Если государь не имеет права вето, кто помешает депутатам продлить, увековечить свои обязанности и ниспровергнуть общественную свободу, как это сделал некогда Долгий парламент в Великобритании? Кто помешает им захватить шаг за шагом все ветви исполнительной власти, присвоить себе все властные полномочия, низвести королевскую власть до состояния слепого орудия их воли и вновь ввергнуть народ в рабство?
Если государь вынужден одобрять дурные законы, у народа остается лишь чудовищная возможность восстания, пагубная как для него, так и для недостойных депутатов, и открывающая новое поприще для деспотизма министров и врагов общественного спокойствия, особенно в государстве, где революция, столь необходимая, столь быстрая, оставила зачатки раздора и ненависти, которые способно заглушить лишь утверждение конституции посредством непрерывных и важных трудов Национального собрания.
Допустимо предположить, что государь может отказать в санкции лишь в двух случаях:
1) когда он сочтет, что закон вредит интересам нации;
2) когда король, введенный в заблуждение своими министрами, поставит заслон законам, противным его собственным взглядам.

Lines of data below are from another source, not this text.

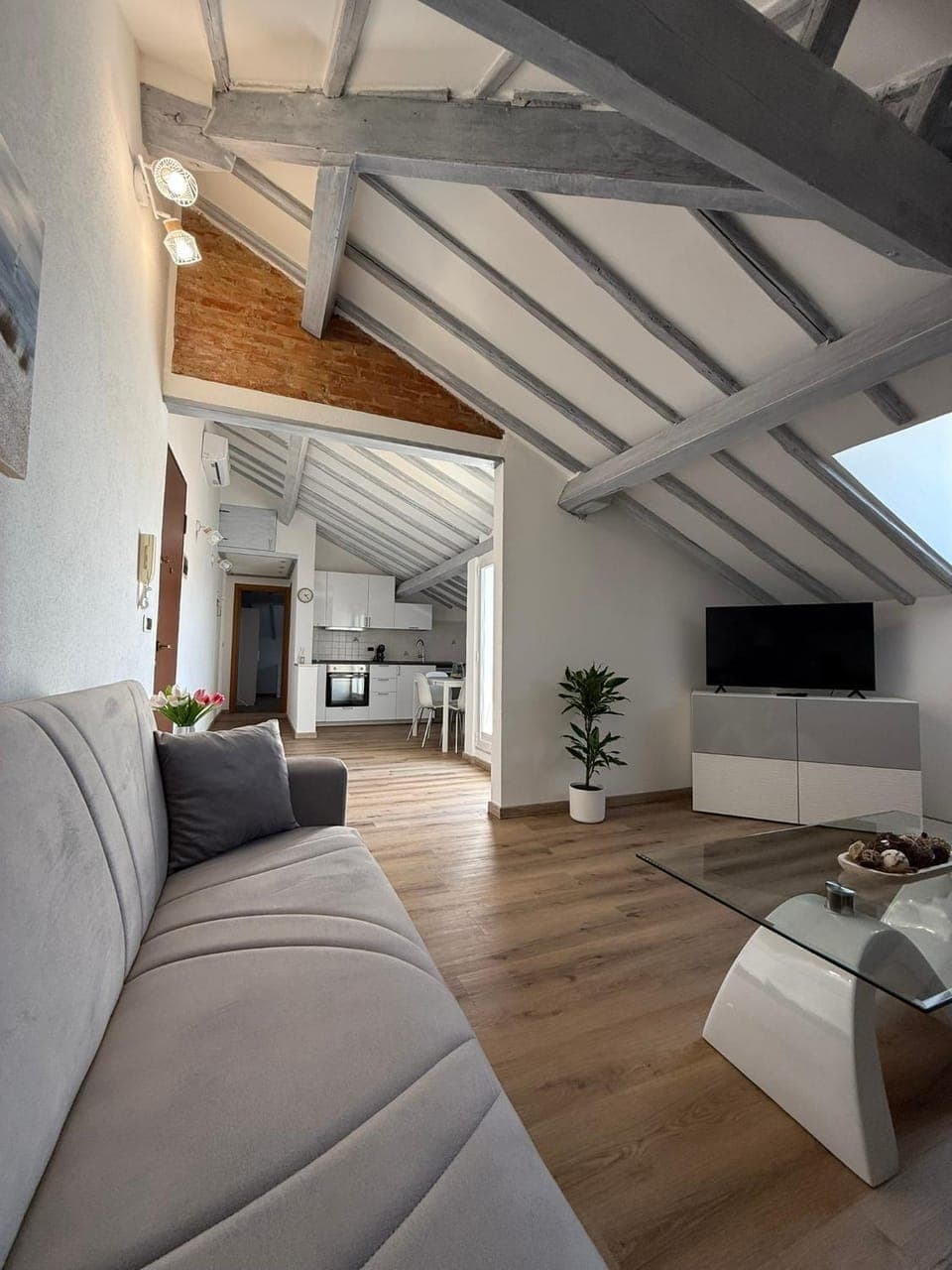 Communal lounge/ TV room, TV and multimedia, Living room, Seating area, Evening entertainment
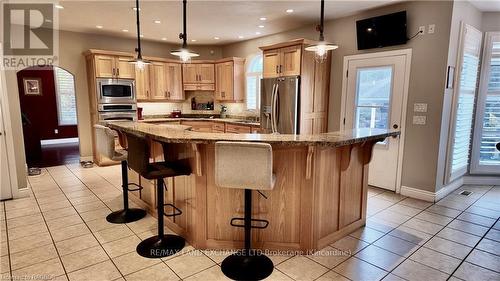 19 Stoney Island Crescent, Kincardine, ON - Indoor Photo Showing Kitchen With Upgraded Kitchen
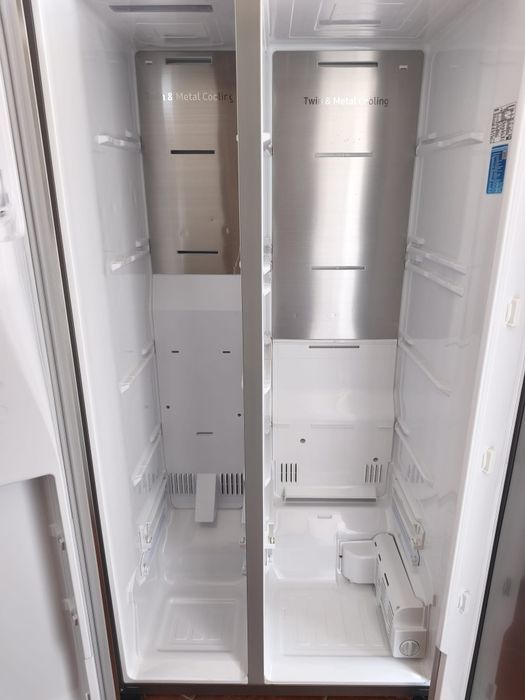 Samsung Frigorífico Americano RH58K6598SL Food Showcase 575L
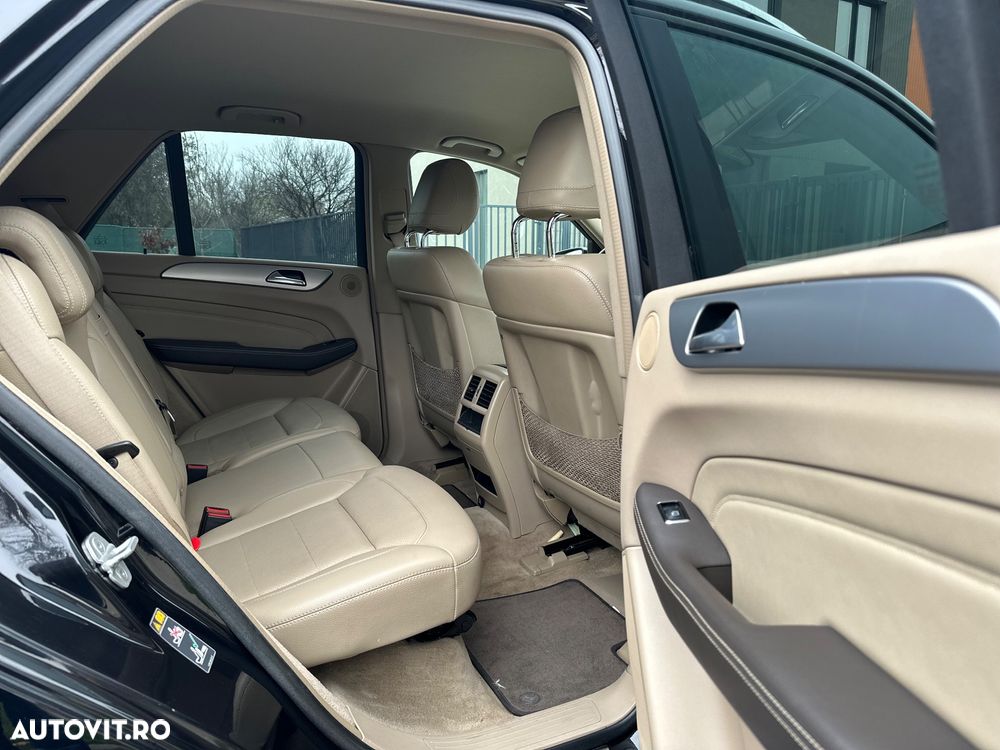 Mercedes-Benz ML - 10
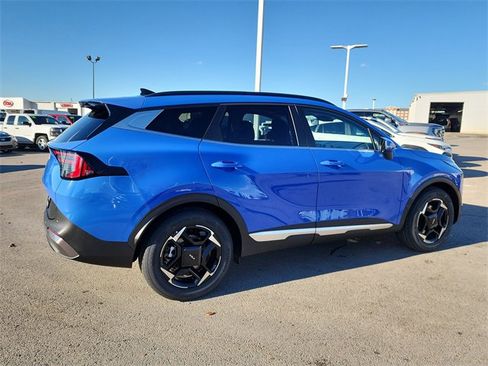 New 2026 Kia Sportage EX image 2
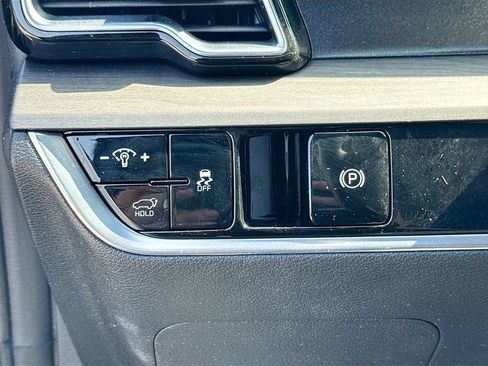 Certified 2023 Kia Sportage X-Line w/ X-Line Premium Package AWD/4WD image 13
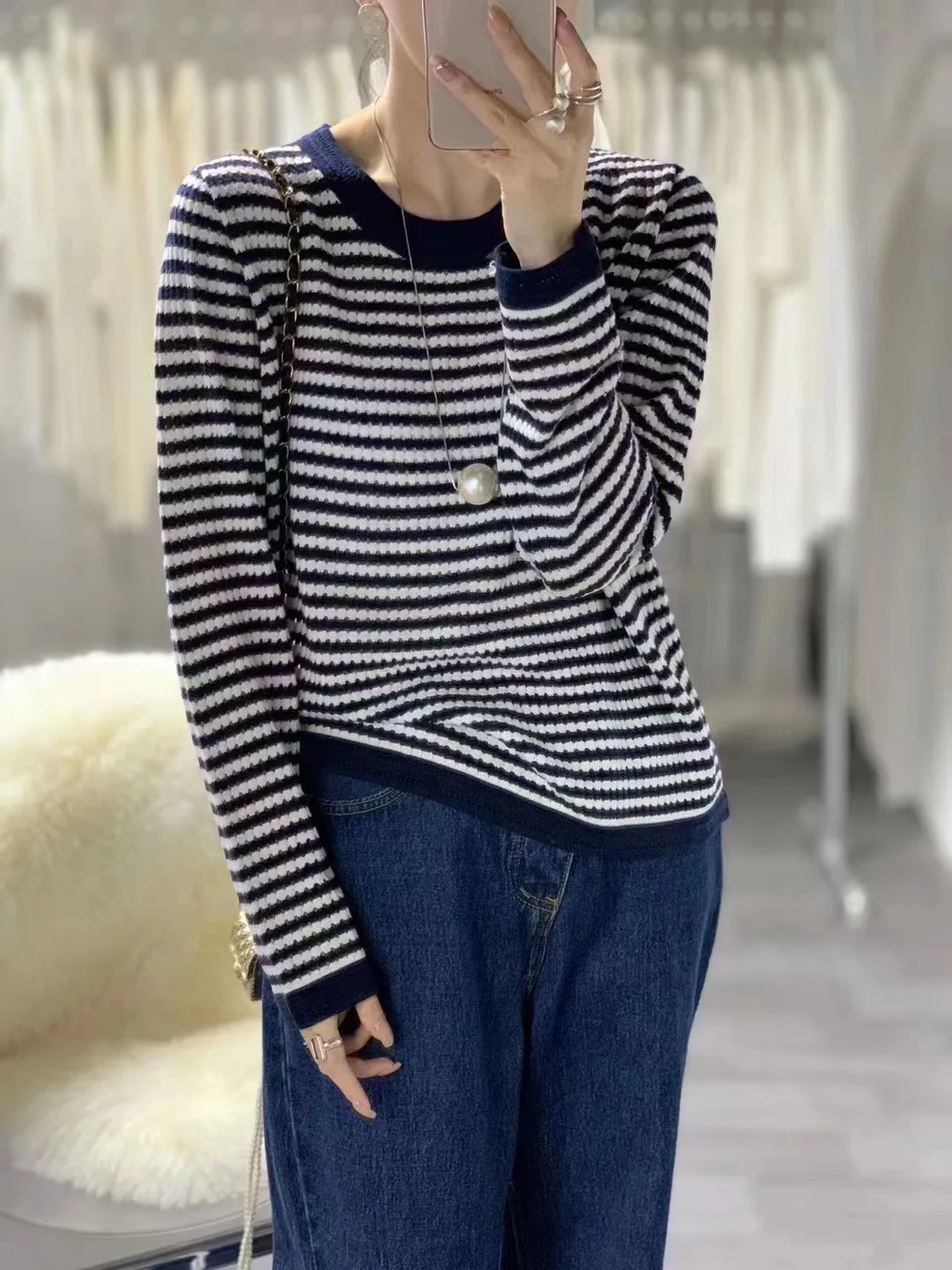 

Autumn and Winter New Pure Woolen Sweater Women's Round Neck Colored Loose Thickened Loose Cashmere Knitted Underlay Sweater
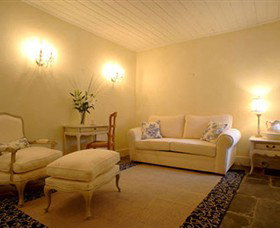 Montrose Of Ballarat - Montrose Cottage - Hervey Bay Accommodation 0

Разумеется, в первом случае его отказ явится благом для государства. Во втором случае действие закона будет лишь отложено, ибо невозможно, чтобы король противился признанной воле нации, и его вето, каким бы абсолютным оно ни было, фактически является всего лишь приостановкой постановления Национального собрания и апелляционной жалобой государя на законодательный корпус, поданной народу.